制裁対象のロシア人富豪アレクセイ・モルダーショフ氏に関連するとされる5億ドルの大型ヨット「ノルド」が週末にホルムズ海峡を通過した。この航行は、西側制裁の執行における隙間への新たな注目を呼んでいる。
全長142メートルのルルセン製ヨットは、4月24日から26日の間にドバイからマスカットへ堂々と航行した。自動船舶識別装置(AIS)で位置情報を公開しながら進み、商業船舶は海峡の両端で停滞していた。
モルダーショフ氏は、ウラジーミル・プーチン大統領と親密な関係により2022年から米国、欧州連合、英国の制裁対象となっている。
制裁指定は、同氏がロシア最大の鉄鋼メーカー、セヴェルスターリ株式の約77%を保有する点を根拠としている。さらに銀行ロシアや国営系メディアとの関係も標的とされている。

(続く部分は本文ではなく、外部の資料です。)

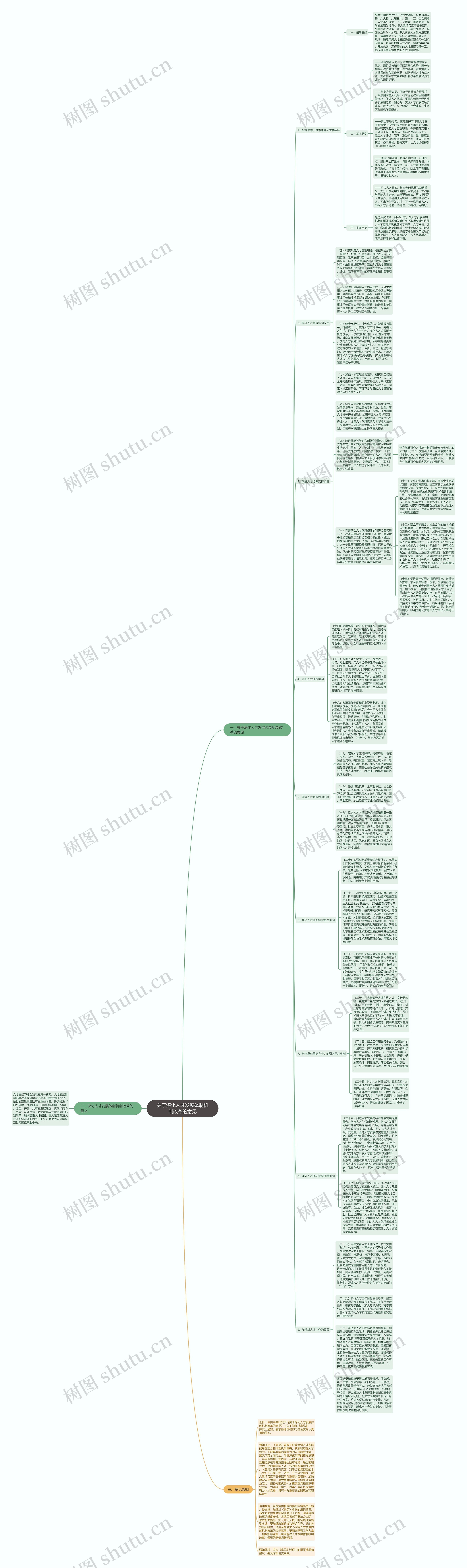 关于深化人才发展体制机制改革的意见 关于深化人才发展体制机制改革的意见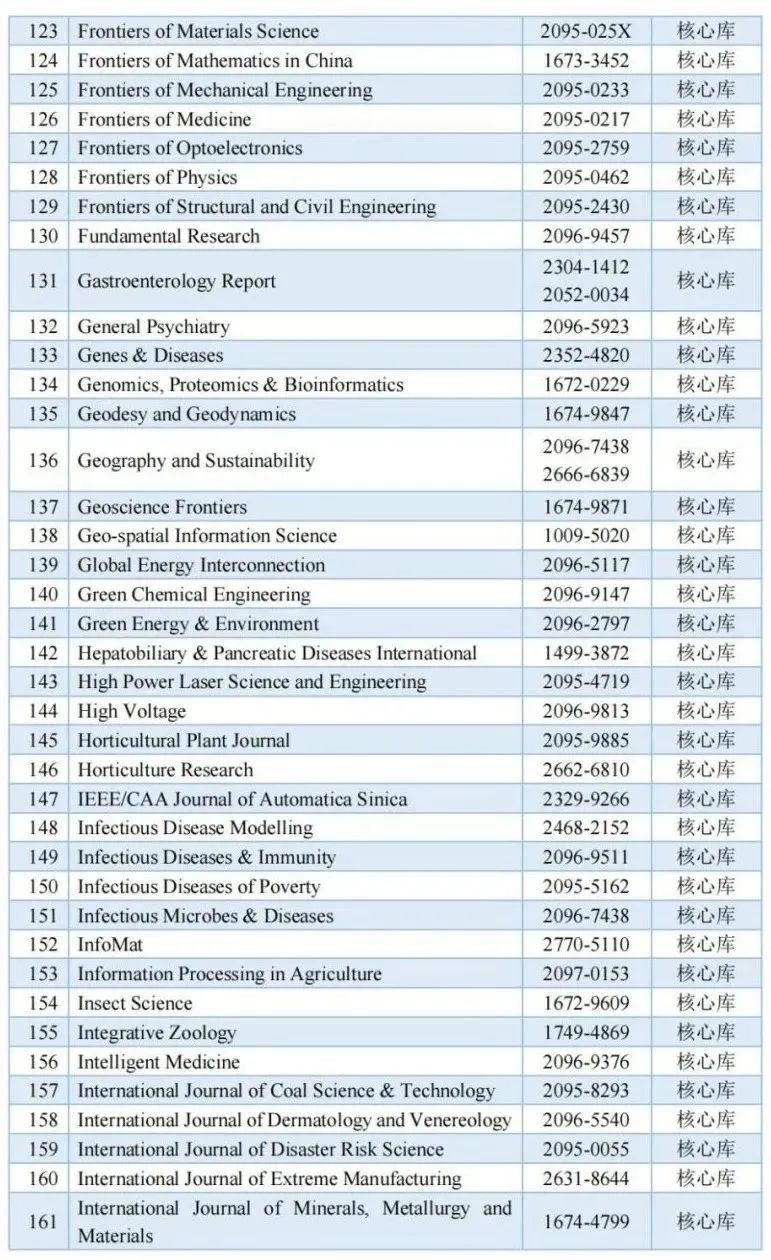 《城市规划》杂志入选中国科学引文数据库来源期刊列表(2023-2024年度) 《城市规划》杂志入选中国科学引文数据库来源期刊列表(2023-2024年度)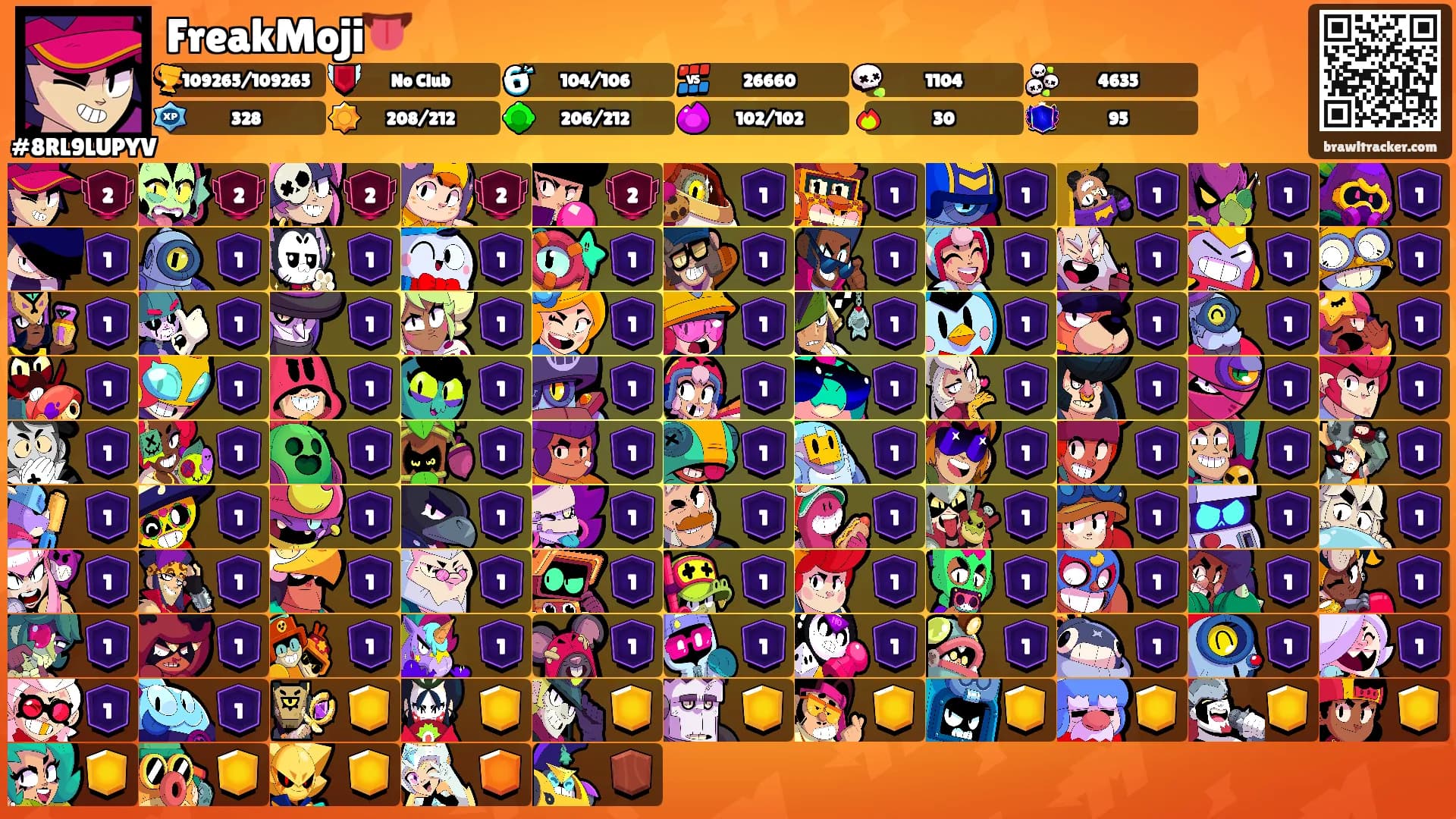 FreakMoji👅's Ranks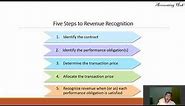 Five Steps to Revenue Recognition: Overview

ヨット自体は押収されたことがない。公開された所有者登録にもモルダーショフ氏の名前はない。航行記録からは、ノルドは同氏の妻、マリーナ・モルダーショワ氏が管理するロシア企業と紐付けられている。こうした構造は西側の資産凍結を回避する狙いが広く指摘されている。
ロイターは、同船が4月24日14時(GMT)頃にドバイのマリーナを出航し、翌朝ホルムズ海峡を通過、日曜日早朝にマスカットに到着したと報じている。MarineTrafficのデータで航路がリアルタイムで追跡された。
ホルムズ海峡の船舶交通は、米国が4月13日にイラン港湾への海上封鎖を実施して以来、激減している。
1日の通過隻数は約140隻から1桁台まで落ち込んだ。現在、数百隻のタンカーが海峡両端で待機している。
イランは2025年の協力協定に基づき、ロシア関連船舶に優先通過を認めていると、インディペンデントが報じている。
ノルドはオマーンに向かう際、ララク島南側のイラン指定の安全航路を利用した。このルートは米国の監視対象であるイラン港湾向け航行からは外れている。
この航行は、階層化された所有構造と受け入れ国の連携により、制裁対象のロシア資産が西側の統制行動から遮断されている実態が浮き彫りとなった。
湾岸地域全体では、より広範な海上規制が引き続き強化されている。